For example, the starost of the Kamieniogóra poviat (now Kamienna Góra) experienced ill-treatment by Soviet soldiers. He was arrested by the Red Army soldiers while trying to reach the place of the murder of an officer of the Citizens' Militia. No explanations on his part that he was a representative of the Polish authorities helped.

One of the boyfriends then said a vulgar remark at him:. The Soviet commander in the same town said:"If you Polish women do not stop interfering with us, we will organize ourselves, we will disarm you and shoot you like dogs."

5. In the "regained territories" they harassed and discriminated against Poles, singling out the Germans

This was the case, for example, in Wrocław, where the Soviets based their administration on German officials, many of whom until recently served Hitler faithfully. The German mayor even ordered posters to be displayed, summoning all Poles and Jews in the city to report to the offices for the purpose of job assignments!

In the regained territories, the Soviets distinguished the Germans, often discriminating against and even harassing Poles. The photo shows the destruction of Wrocław cathedral and its surroundings in 1945.

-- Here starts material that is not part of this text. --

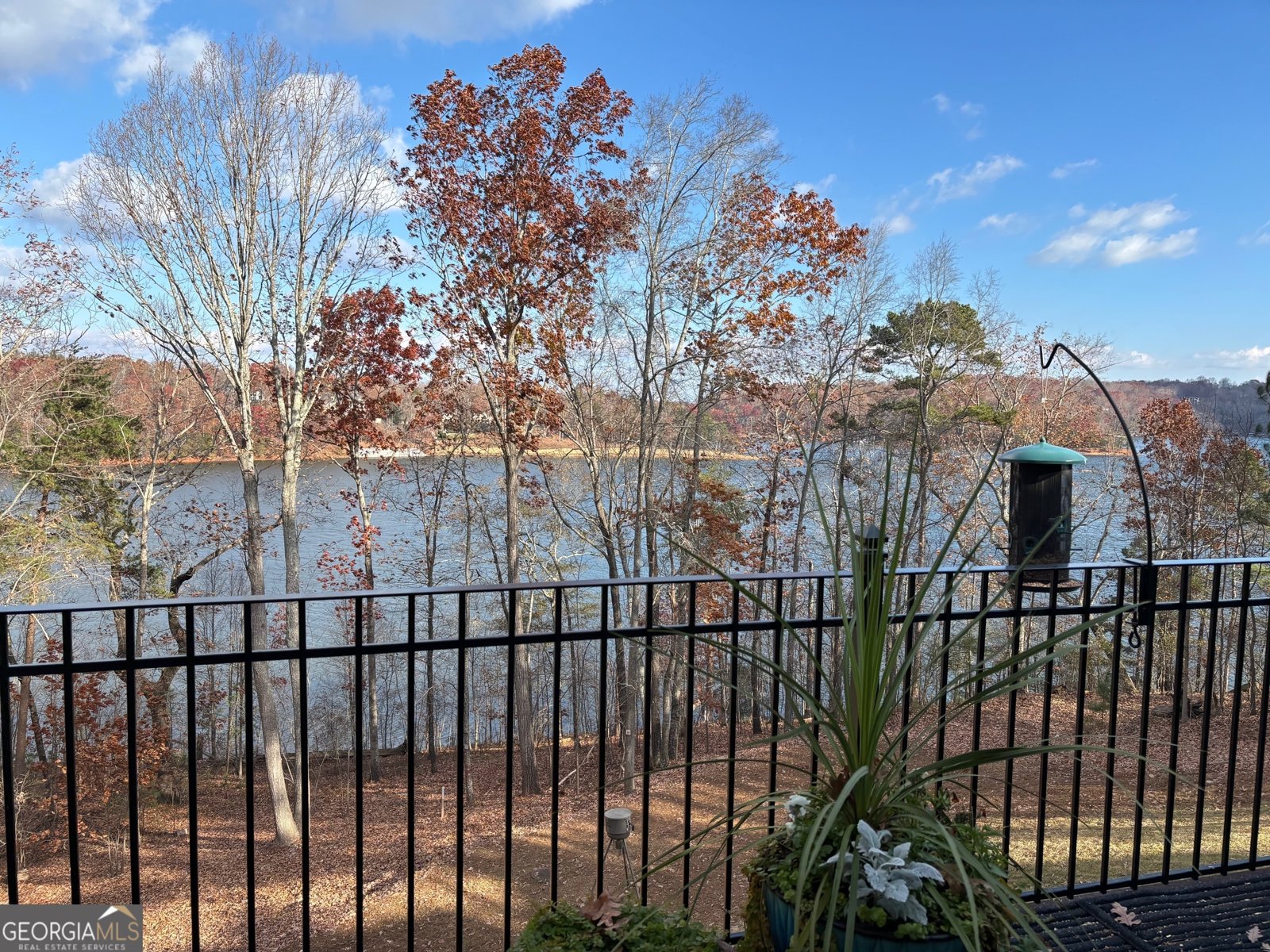 2819 Point Overlook Gainesville - 59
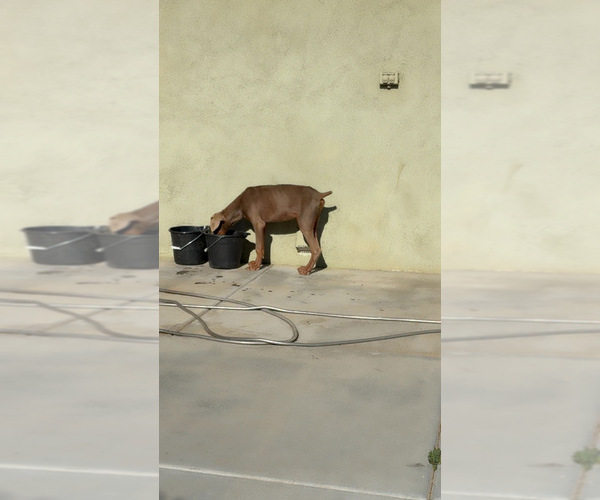Medium Photo #5 Doberman Pinscher Puppy For Sale in HESPERIA, CA, USA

Only the arrival of the Polish mayor, Bolesław Drobner, put an end to this Soviet-German self-government in Wrocław. He immediately ordered the arrogant German to be arrested. Also, the omnipotent Soviet commanders did not have an easy life with Drobor. Quarrels between them were the order of the day, and the Pole did his best to put an end to Soviet lawlessness in the city. And he constantly encountered resistance from our "friends" in the East.

6. They robbed prisoners and forced laborers returning from Germany, including their own countrymen

There was no sanctity for Stalin's soldiers. They even attacked people who had gone through the ordeal in concentration camps. A minor prisoner of Buchenwald, Wiesława Chełmińska-Rupiewicz, was robbed by a Soviet officer of all her belongings at the Warsaw West Station. It was May 1945. The degenerate left her in her underwear and tried to shoot her again.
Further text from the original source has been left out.